Dann guckt sie mich vielsagend an und sagt diesen einen Satz, den ich nie vergessen werde: Dios sabe que soy una principesa. Gott weiß, dass ich eine Prinzessin bin.
Mit diesen Worten hat Mary Lou mich endgültig erobert. Zum Abschied drückt sie mich wieder ganz fest an sich und verkündet mir, dass sie für mich beten wird. Ob das Essen nun so schlecht war, ob ich einen so verzweifelten Eindruck mache - oder ob Mary Lou einfach gern mit Gott spricht, der ja weiß, dass sie eine Prinzessin ist, ... ich weiß es nicht; aber ich liebe meine Arbeitgeber mit jedem Tag ein bisschen mehr.
Was es heißt, zu gehen
Mit knapp zwanzig Jahren Lebenserfahrung habe ich mich entschlossen, ab Sommer 2009 für ganze zwölf Monate nach Nicaragua zu gehen; dass es geklappt hat, hatte ich zwischendurch nicht wirklich gedacht; aber dass ich nun, Anfang Juli, so kurz vor der Ausreise stehe und meine Schulzeit einfach so an mir vorbei gegangen ist - das ist noch weniger zu begreifen. Ich werde natürlich an diesem Zustand nichts ändern können und freue mich tatsächlich wahnsinnig auf die Zeit in Mittelamerika.
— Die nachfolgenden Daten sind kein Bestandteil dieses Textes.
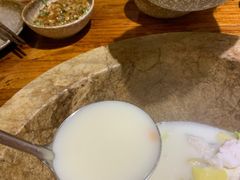 -滇香肴·云南菜蒸汽石锅鱼(云南北路店)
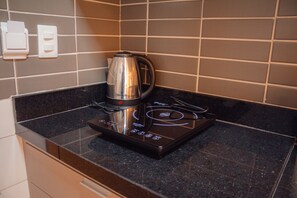 Geladeira, micro-ondas, chaleira elétrica, torradeira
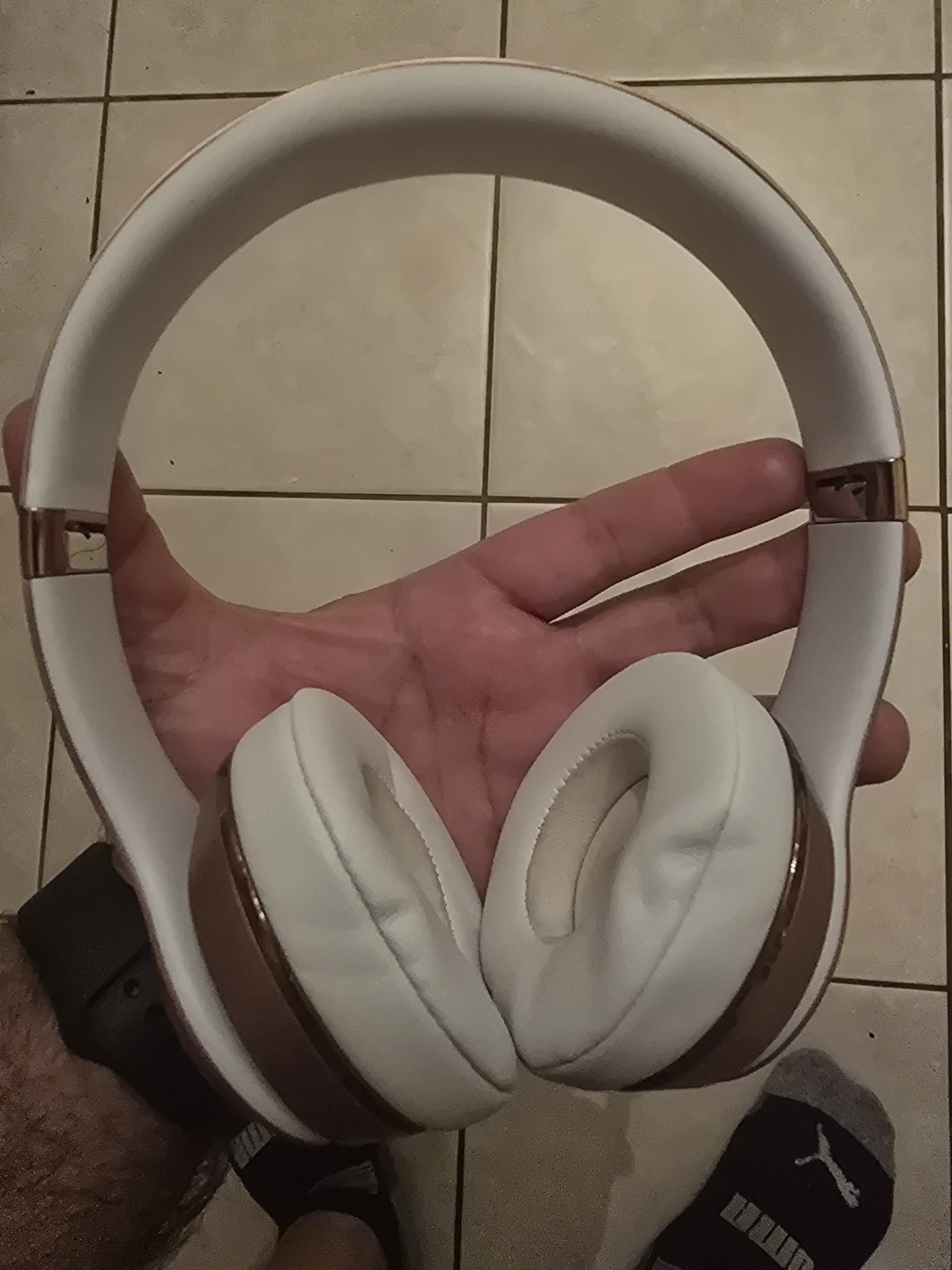 Beats Solo3 Wireless Rose Gold Headphones - photo 3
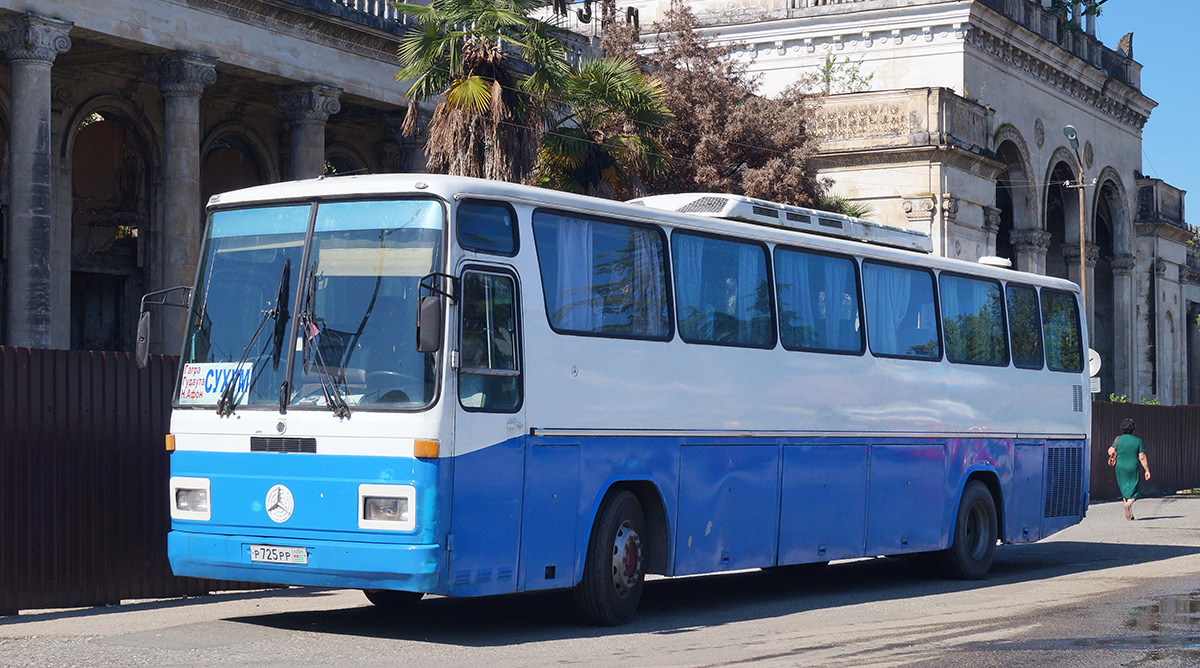 Абхазия, Otomarsan Mercedes-Benz O303 № Р 725 РР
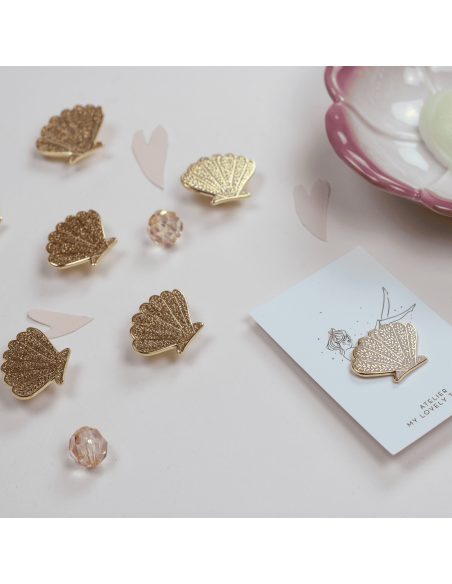 Pin's doré "Coquillage doré pailleté" - My Lovely Thing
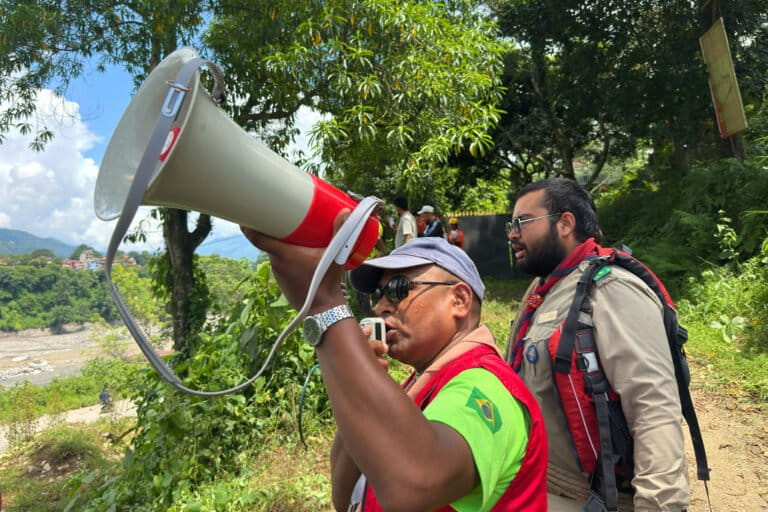 During Nepal floods, decentralized, community-based warning saved lives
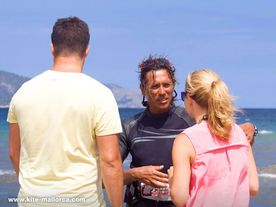 Daniel teaching a couple A kitesurf course is also great fun for a couple!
Bisher haben sich meine Auslandserfahrungen auf den europäischen Raum begrenzt; am 23. Juli geht es jedoch los in ein Land, von dessen Existenz ich zuvor zwar wusste, aber an das ich doch zugegeben wenig gedacht habe - und das ich geographisch als Abiturientin "drüben" eingeordnet habe.
Innerhalb eines Jahres werden sich mein Weltbild, meine geographischen und kulturellen Kenntnissen verschieben, neu ordnen. Ich werde einen Teil der Welt kennen lernen, der von Armut, Korruption, Drogen und der Hoffnung auf Besserung bestimmt wird, - aber genau so von Gastfreundlichkeit, Freude am Leben und an dem wenigen, das man hat.Ich verlasse meine Heimat, ohne zu wissen, was Heimat eigentlich ist.
Natürlich werde ich wiederkommen - jedenfalls gehe ich stark davon aus -, aber die Entwicklung, die ich in diesem Jahr vollziehen werde, ist jetzt noch gar nicht abzusehen. Es fällt leicht, über all diese Dinge an einem warmen, geheizten Ort (im Winter) zu schreiben, wenn man von all dem umgeben ist, das man zum Leben braucht. Wie es tatsächlich in Nicaragua aussieht, was sich tatsächlich hinter dem Wort Armut verbirgt und was man als Europäer tun kann oder tun muss, werde ich erst in einem Jahr wissen. Dieser Blog ist daher zweierlei: einerseits eine Informationsstation, die allen, die es interessiert oder auch nur zufällig hierher stolpern, Eindrücke meines Lebens in Nicaragua schildern soll; andererseits eine Gedankenkiste, in der ich all das verarbeiten und mitteilen kann, was ich hier erlebe; im Großen und Ganzen ist es dabei auch ein Beitrag meinerseits, um eine Welt, die unglaublich verknüpft ist und die denkbar unvorstellbar von der Technik und dem Fortschritt profitiert, zu ermöglichen, die sich in all der Schnelllebigkeit auch noch gegenseitig versteht und zuhört.